Il a décliné, m’expliquant que ce refus était une décision de couple, liée aux ambitions politiques de sa femme et à leur désir d’avoir d’autres enfants. Jamais personne ne m’a fait part d’un tel choix, aussi clairement assumé. » Rien que de très normal selon lui : « J’essaie de soutenir ma femme pour qu’elle s’épanouisse dans sa carrière. La politique est une ascèse qui serait impossible sans le soutien du conjoint. » Sa femme, elle, loue son côté Pygmalion : « Il est le plus féministe de nous deux. Sans lui, je ne me serais pas sentie capable d’aller jusqu’au bout. »
Jérôme Pécresse et la politique ? Sa réponse fuse : « Je n’ai jamais réussi à être élu délégué de classe ! J’aime être jugé sur des performances rationnelles et mesurables. » La droite semble avoir mis du temps avant de le convaincre. Aux réunions, tous les deux mois, de 30.com, un club de trentenaires prometteurs qui recevaient de célèbres invités, « Jérôme était favorable à l’intervention de l’Etat dans l’économie », se souvient Diane Ségalen. Valérie Pécresse en parle librement : « Je ne l’ai pas épousé en me disant que j’allais le changer. Nous évoluons et grandissons ensemble.

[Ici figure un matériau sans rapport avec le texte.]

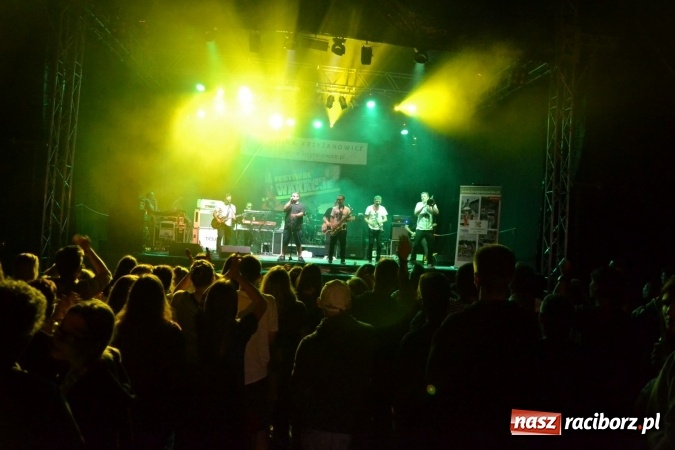 Zdjęcie w galerii na portalu naszraciborz.pl: Mocne muzyczne pożegnanie wakacji w Tworkowie. Zagrał TABU  wiadomości z regionu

C’est un réformiste plutôt de gauche, qui a été séduit par le discours et le courage de Nicolas Sarkozy. »
Leur vie quotidienne évite l’improvisation. Ils organisent leur emploi du temps trois mois à l’avance et sollicitent leurs parents et amis pour s’occuper de Baptiste, Clément et Emilie. Mais quand ils se retrouvent, ils font tout « pour ne pas laisser le stress entrer à la maison ». Il lui offre des livres, lui fait découvrir Bret Easton Ellis, Tom Wolfe et d’autres écrivains américains, ils cuisinent ensemble. Dès que ce joueur de tennis aura plus de temps libre, il reprendra les tournois de bridge. Ancien champion de France universitaire, il a fait ses calculs : « A 43 ans, j’en ai encore quinze pour progresser. » Tout dépendra de l’ascension politique de Valérie.